# Cleaning the fuel tank



## ace (Aug 8, 2002)

Have a question for all the experienced B13 guys and gals out there.

How on earth am l supposed to clean my fuel tank ?

Or should l even have it replaced ?

My B13's got 230,000 km on it and l think l'm going to spend more money replacing the filter (and maybe fuel pressure regulator) becoz of a recurring hard start problem.

I had the chance to change my fuel filter the other day and l collected some petrol that leaked into a container. Boy was it black and sooty.

Changing the filter got rid of the hard start problem, only to have it re-surfaced again after 2 months.

Any way to do a quick fix and clean the filter ? ie by washing , dismantling, etc etc.
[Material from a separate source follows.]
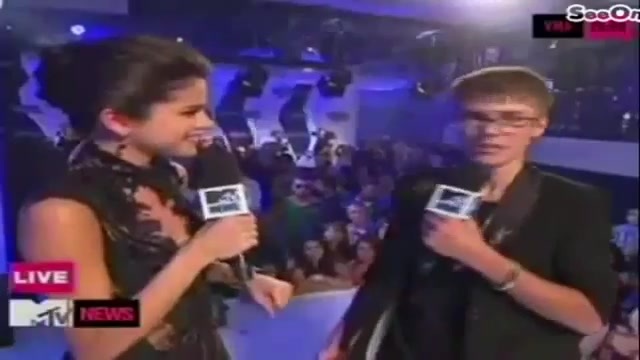Selena Gomez Interviews Justin Bieber at MTV VMAs 2011 405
your comments would be appreciated.

thanx


----------



## Guest (Nov 12, 2002)

Were you the one posting about a plugged filter a while back?


In any case, the metallic flakes, and dark and sooty material can be NORMAL! 

The fuel pump guts are immersed in gasoline -gas actually serves to cool the motor.

Ever see the inside of a DC brush motor? Imagine that completely open and full of fuel and getting all the grit from the worn brushes and commutator getting sent to your filter and injectors. This is how all (at least the ones I've worked on) auto mfgr's do this.


----------



## Centurion (Sep 5, 2002)

ace said:


> *
> 
> .
> 
> ...


That's normal. When I change mine (every 30K miles) and drain the intake end of the filter just to see what comes out black colored gas comes out. So the filter is doing its job.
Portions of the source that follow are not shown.